McKalip, USTR nominee: Enforcing USMCA provisions on biotech a top priority

The Senate Finance Committee held a hearing yesterday on Doug McKalip’s nomination to the position of Chief Agricultural Negotiator in the Office of the United States Trade Representative (USTR). BIO, as previously stated, supports his nomination. With Mexico and other countries stonewalling progress by imposing barriers to trade in biotech crops, we need this position filled, says BIO.

“Mexico is unfairly blocking American-grown corn and soybeans,” said Sen. Finance Chair Ron Wyden (D-OR) in his opening statement.

Mexico’s non-science-based treatment of agricultural biotechnology is undermining the development of products in the United States, and our farmers suffer as a result,” said Sen. Chuck Grassley (R-IA). “What are you going to do about enforcing US-Mexico-Canada-Agreement (USMCA) biotechnology provisions to prevent disruption to North American grain markets and on-farm innovation?”

Gene editing among USMCA opportunities for ag tech

“This will be a key area of priority for me,” said McKalip, noting “biotechnology and agriculture innovations” are helping us manage the supply and climate challenges facing our food. “If we have to use USMCA provisions to enforce on biotechnology, that every tool should be at our disposal.”

Access is key “not just for plants, but for animal-based biotechnology, as well,” McKalip added.

“USMCA opens up all kinds of possibilities for our ag tech, including gene editing,” noted Sen.

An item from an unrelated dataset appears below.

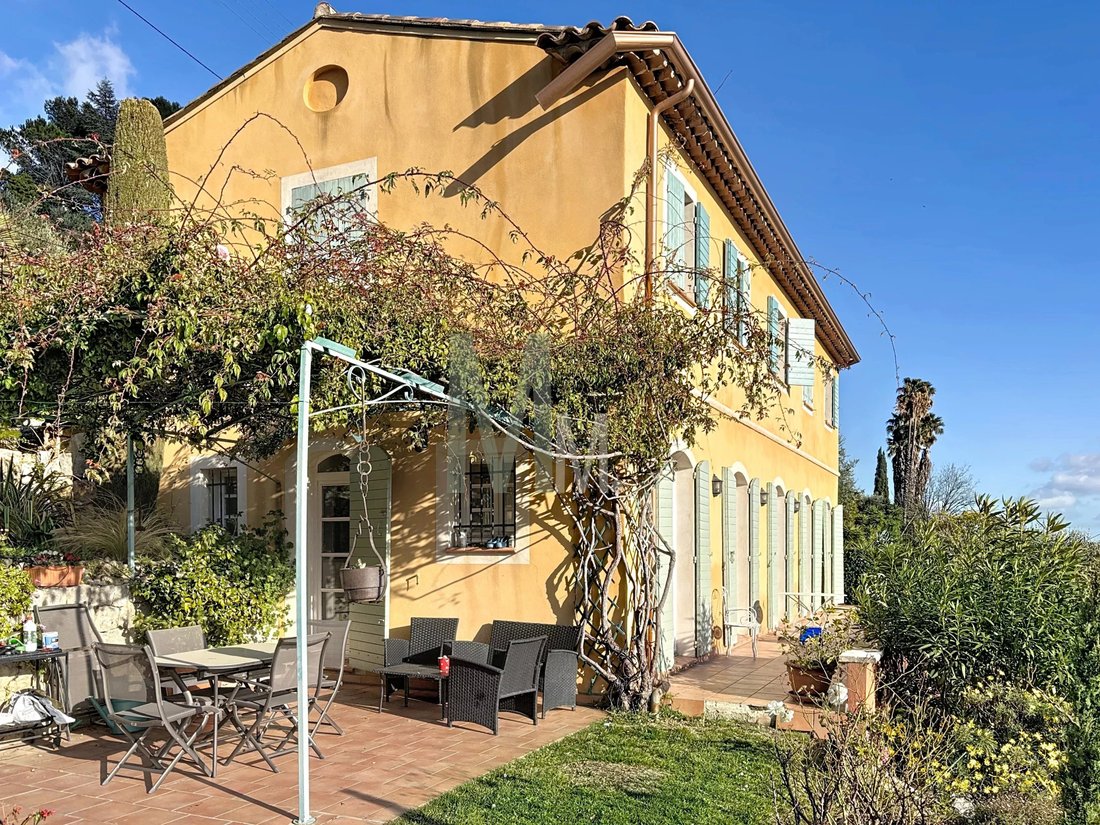 Villa en Grasse, Provenza-Alpes-Costa Azul, Francia 1 - 17150133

Todd Young (R-IN). But with approval delays, Mexico lacks “a science-based approach.”

What about Korea—which, according to USTR’s National Trade Estimate, has an “onerous and protracted” approval process for ag biotech?, asked Sen. Young.

“We need to work hard to make sure there aren’t any unscientific barriers,” responded McKalip. “What’s happening with genome editing…essentially mimics what could be done in breeding in a greenhouse, so the risks are commensurate with that.”

BIO reiterates its support for McKalip

McKalip has the backing of nearly 100 organizations (including BIO), who are calling for his swift approval. The position has been vacant since 2020.

“BIO would like to reiterate our support for Mr. McKalip, who is deeply familiar with the food and agriculture industry following three decades of leadership roles in agriculture policy and trade,” said BIO’s Vice President of International Affairs Nancy Travis. “His experience would be especially important in addressing Mexico’s failure to uphold its commitments to the U.S.-Mexico-Canada Agreement (USMCA)—specifically their non-science-based barriers for new biotech crops.”